Usability Testing for a Middle School Science Education Video Game

Alex Urban
Feb 3
8 min read

Updated: Feb 11

Overview

Mission HydroSci is a 3D educational game designed to teach middle school students water science and scientific argumentation. During its development, I conducted usability testing to evaluate whether players could successfully complete tasks, identify interaction challenges, and assess the overall efficiency and satisfaction of the experience. My work ensured that player behaviors aligned with design intent, driving improvements to enhance engagement and usability.

Players of Mission HydroSci must learn to use the landscapes and its water systems to survive. — Players of *Mission HydroSci* must learn to use the landscapes and its water systems to survive.

Problem Statement

The project addressed the challenge of ensuring that gameplay and UI features aligned with user needs and functioned as intended. Usability testing during development aimed to identify and resolve design issues early, optimizing the player experience for effective classroom implementation.

Users & Audience

The primary audience for this application is students aged 11 to 14, particularly those at risk of underperformance in science education due to systemic inequities, such as underfunded schools, socioeconomic challenges, or disengagement from science learning. The secondary audience includes teachers who will integrate the game into their classroom instruction.

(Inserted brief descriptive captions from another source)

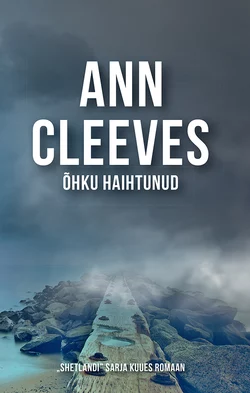 Õhku haihtunud - Ann Cleeves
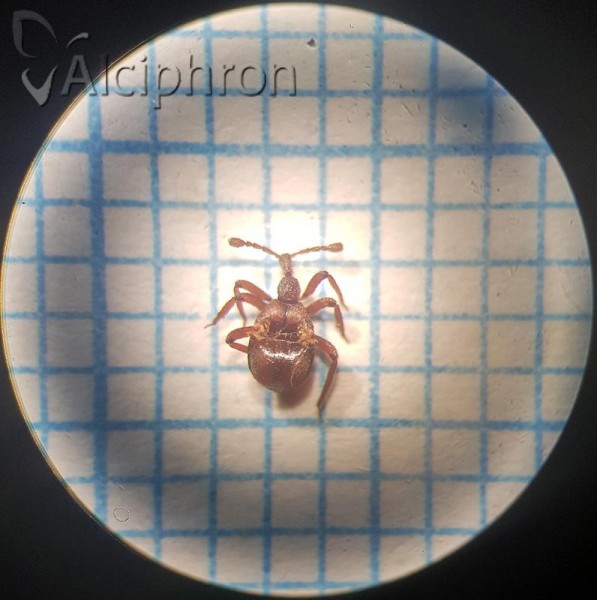 Claviger longicornis
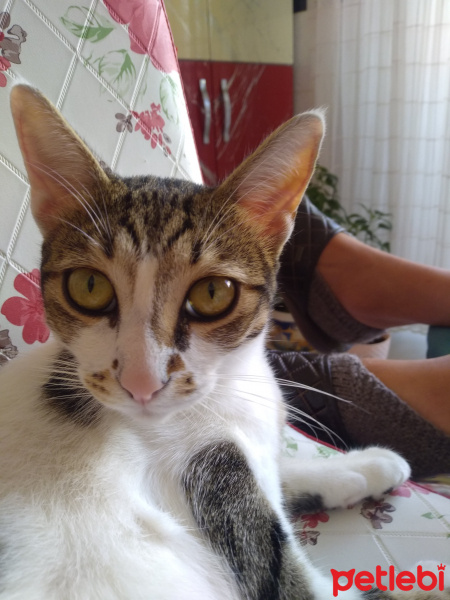 Tekir Kedi, Kedi  Duman fotoğrafı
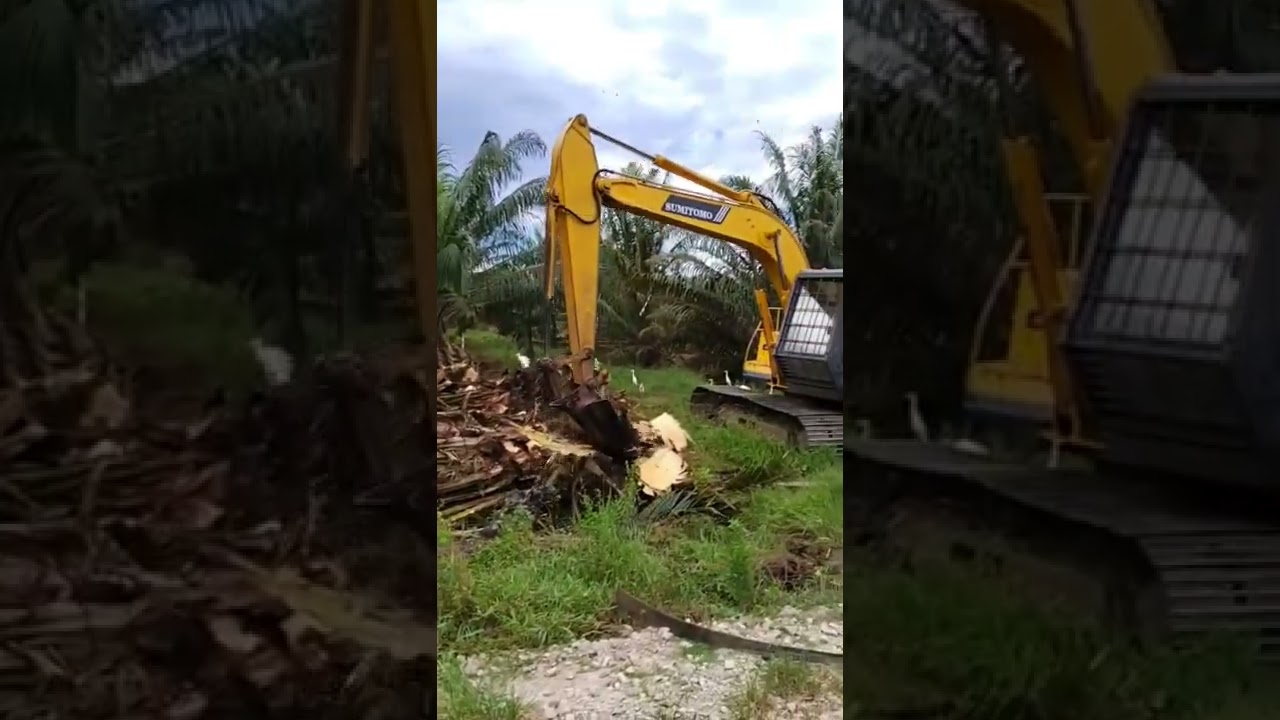 Chipping Oil Palm for replanting.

Mission HydroSci is designed for middle school students, requiring an understanding of both their expectations and those of their teachers.

Roles & Responsibilities

As the lead UX researcher and project manager, I collaborated with a cross-functional team of 20+ developers, designers, and artists to drive the user experience strategy. I managed the timeline for usability testing, ensuring that features underwent thorough quality assurance before being handed off for testing. After conducting an audit of each feature, I developed detailed testing protocols and mentored a junior researcher on the necessary procedures and steps required to successfully complete the testing tasks. Once testing was complete, I analyzed the findings, including usability issues, video footage, and screen captures, and synthesized actionable insights to present to leadership and the design team, driving design improvements.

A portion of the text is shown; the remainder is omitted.